And whereas the printers were taking advice from 15th-century humanist scholars, who said, “Wouldn’t it be good to have this? Wouldn’t it be good to have that?” they weren’t in any position to give them any advice on how to dispose of these 300 copies. And in due course they found that the only way to do this is to create a market which is trans-European.
It’s this classic example of how you get technological innovation without people really being aware of the commercial implications, of how you can make money from it. There’s quite a little similarity in the first generation of print with the dot-com boom and bust of the ’90s, where people have this fantastic new innovation, a lot of creative energy is put into it, a lot of development capital is put into it, and then people say, “Well, yeah, but how are we going to make money from the Internet?” And that takes another 10 years to work out.
IDEAS: The one thing that most early printers seemed to do was to go out of business.
PETTEGREE: And the ones who didn’t were the ones who tended to have a close relationship with official customers. And this really I think is the new part of the story that we’ve been able to put together.
Most narratives of print have relied on looking at the most eye-catching products — whether it’s Gutenberg’s Bible or Copernicus or the polyglot Bible of Plantin — these are the ones which seem to push civilization forward. In fact, these are very untypical productions of the 16th-century press.
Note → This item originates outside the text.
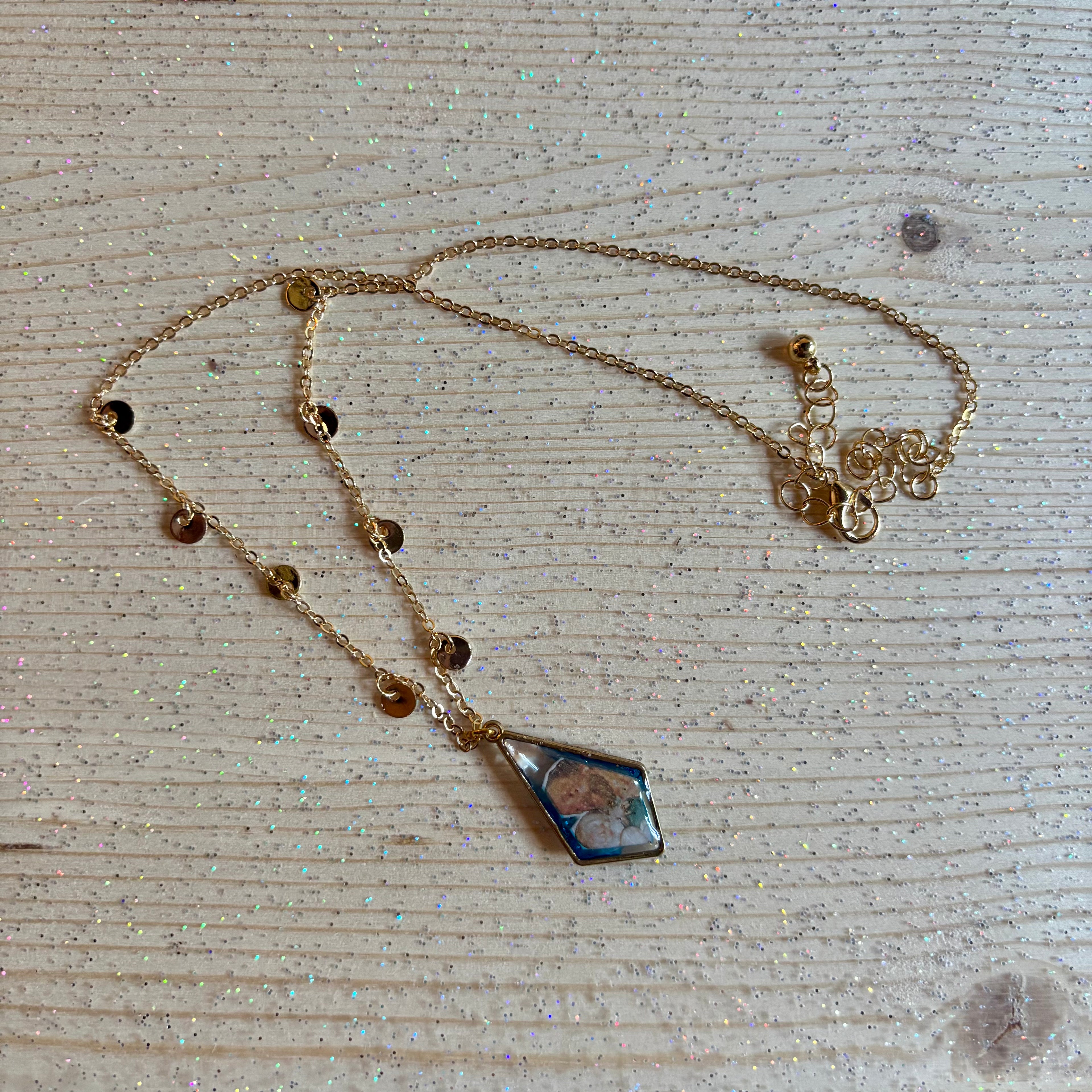 Collana con ciondolo - Carpentarius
I’ve done a specific study of the Low Countries, and there, something like 40 percent of all the books published before 1600 would have taken less than two days to print. That’s a phenomenal market, and it’s a very productive one for the printers. These are the sort of books they want to produce, tiny books. Very often they’re not even trying to sell them retail. They’re a commissioned book for a particular customer, who might be the town council or a local church, and they get paid for the whole edition. And those are the people who tended to stay in business in the first age of print."